Dernier en date, Abel Murrieta, candidat à la mairie de Cajeme, gangrenée par le narcotrafic, a été assassiné le jeudi 13 mai, dans une rue fréquentée et en plein jour. Cet avocat de 58 ans, candidat au parti Movimiento Ciudadano, promettait d’affronter les mafias locales et l’affirmait dans son slogan de campagne: « Je n’ai pas peur ! »

« Le crime organisé essaie d’influer sur le cours de ces élections »

Entre le 7 septembre 2020 et le 30 avril 2021, l’étude Etellekt a compté 71 menaces envers des politiques mexicains et 61 homicides intentionnels. Ces attaques sont perpétuées par des groupes criminels locaux qui cherchent à placer au pouvoir des candidats qui leur sont favorables. « Le crime organisé essaie d’influer sur le cours de ces élections », a déclaré la ministre de la sécurité, Rosa Icela Rodriguez.

Si les élus sont remplacés, les narcotrafiquants seront obligés de renégocier les pactes qu’ils ont déjà établis. Les bandes criminelles à l’origine des menaces et exécutions au Mexique ne cherchent pas nécessairement à imposer leurs candidats, mais à maintenir ceux avec lesquels ils ont des accords, qui leur sont profitables.

« Les pouvoirs criminels locaux ont bâti leur pouvoir sur ce qu’on appelle des pactes avec les autorités locales »

Les assassinats de candidats aux municipales sont devenus une pratique courante depuis les années 2000. « Les courbes sont en hausse, de plus en plus de candidats se font tuer », affirme Jean Rivelois, chercheur et spécialiste des narcotrafiquants au Mexique. En 2018, 152 politiciens se sont fait assassiner dont 48 candidats. 18 autres ont déjà annoncé leur retrait des élections depuis le début de l’année.

Une pratique qui s’explique par un basculement dans le régime de domination entre le pouvoir et les cartels. « Avant, dès la fin des années 70, il y avait une connivence entre les acteurs politiques, les policiers et les criminels, mais le pouvoir politique restait dominant. Maintenant, c’est le pouvoir criminel qui a pris le dessus », indique Jean Rivelois.

Les exécutions ont de plus en plus un coté macabre selon le chercheur qui met en évidence une nouvelle pratique, selon lui héritée des djihadistes du Moyen-Orient : «Ils cherchent à instiller la terreur parmi la population en décapitant et en démembrant des corps, en placardant des affiches avec des inscriptions. Ils visent à rendre leurs exécutions spectaculaires .» 

Une protection rapprochée limitée

Face aux attaques fréquentes que subissent les candidats aux municipales, la police a mis en place un service de protection rapprochée avec la police fédérale, moins corrompue que les polices municipales et régionales. Le programme, mis en place depuis mars dernier seulement, a été initié par le président mexicain Andrés Manuel López Obrador, surnommé AMLO.

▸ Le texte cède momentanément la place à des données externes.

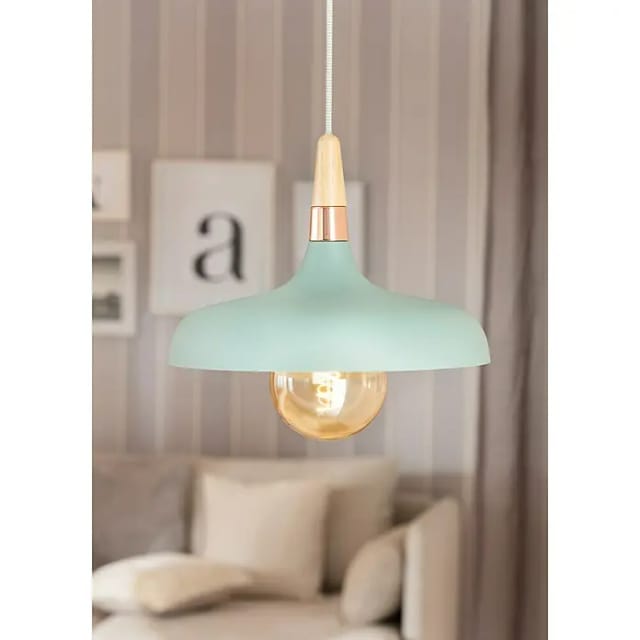 Paulmann Neordic Pendelleuchte (Höhe: 34,2 cm)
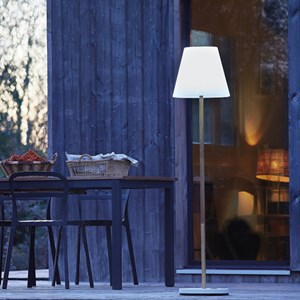 Lampadaire solaire Polaris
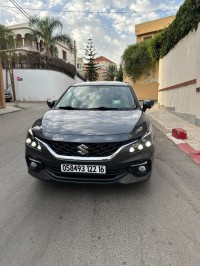 سيارات-suzuki-baleno-2022-glx-الجزائر-وسط
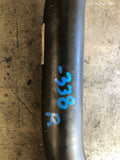 2011 VW CC Rear Suspension Subframe Cradle Crossmember RWD 139K Miles G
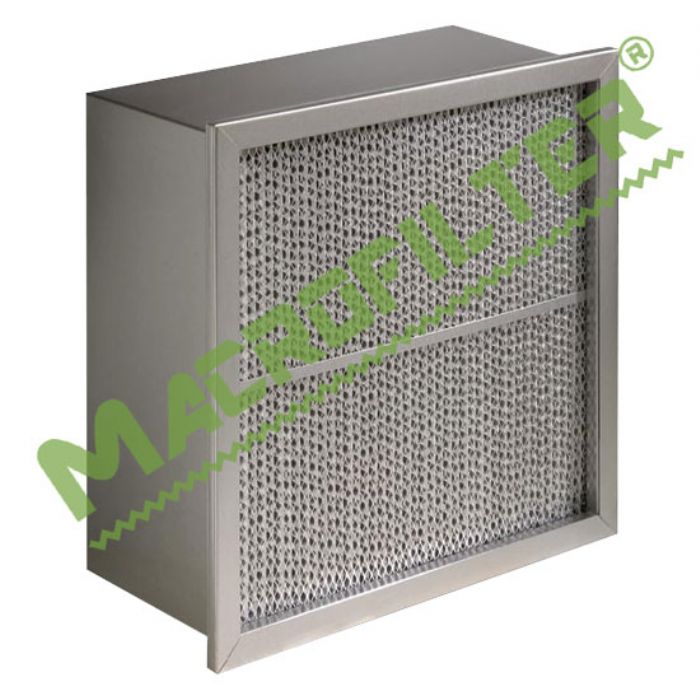 FILTRO ASHRAE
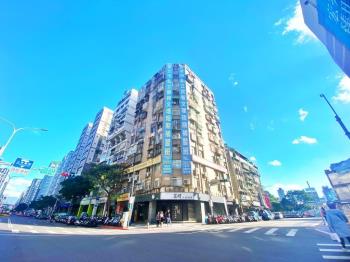 松江南京☆高樓採光精品宅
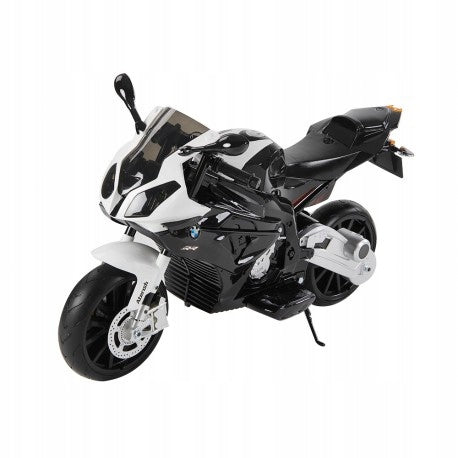 Motorcycle battery BMW S1000RR Black JT528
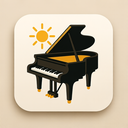icon_energy_piano_elegant icon preview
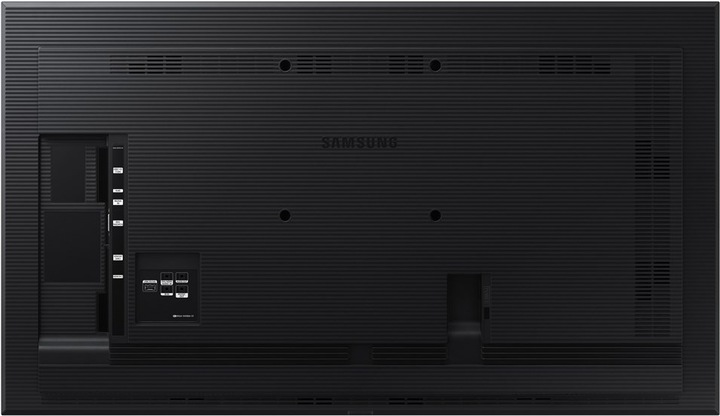 Image du produit Samsung QB43R (3840 x 2160 pixels, 43")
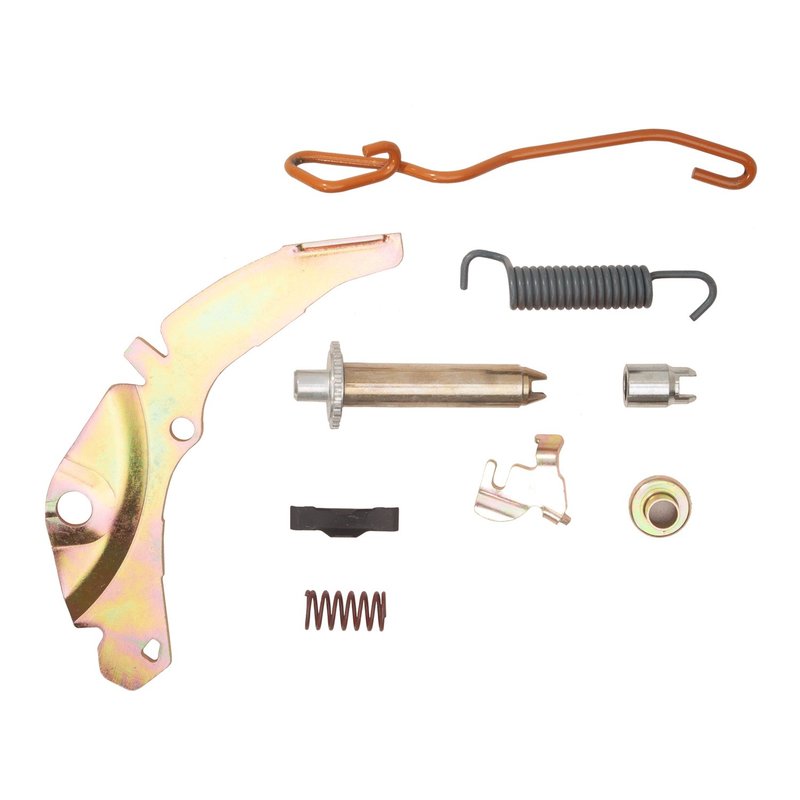 Dynamite Friction 372-47031 Drum Brake Adjuster - Rear Right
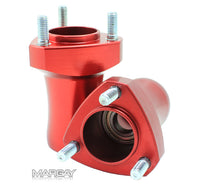 17mm Front Hubs (Medium)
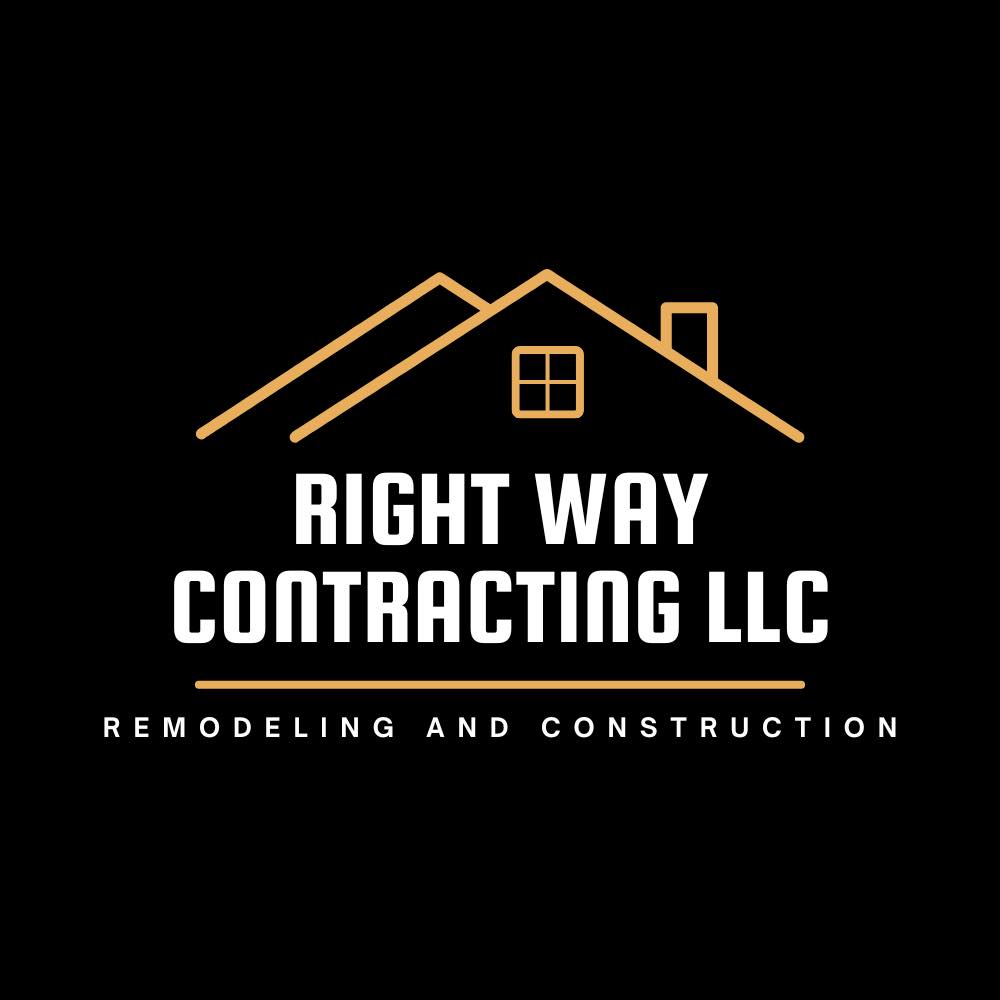 Right way contracting LLC | Lebanon MO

« Le programme reste très limité, explique Jean Rivelois. Le problème, c’est que la police est très corrompue au niveau local. Ils n’ont pas le choix, sinon, ils sont assassinés. »

« C’est un pays qui vit dans la terreur »

Ce régime de terreur constante constitue une menace pour la démocratie représentative qui ne peut plus fonctionner correctement. « Il y a moins de motivation à se porter candidat, tout le monde à peur. C’est un pays qui vit dans la terreur », selon Jean Rivelois. Pessimiste, il assure que des changements ne seront pas visibles avant dix ou vingt ans, malgré les efforts du gouvernement actuel.

« Le risque, c’est que la population en ait marre, appelle les militaires au pouvoir et abandonne la démocratie », s’inquiète le spécialiste.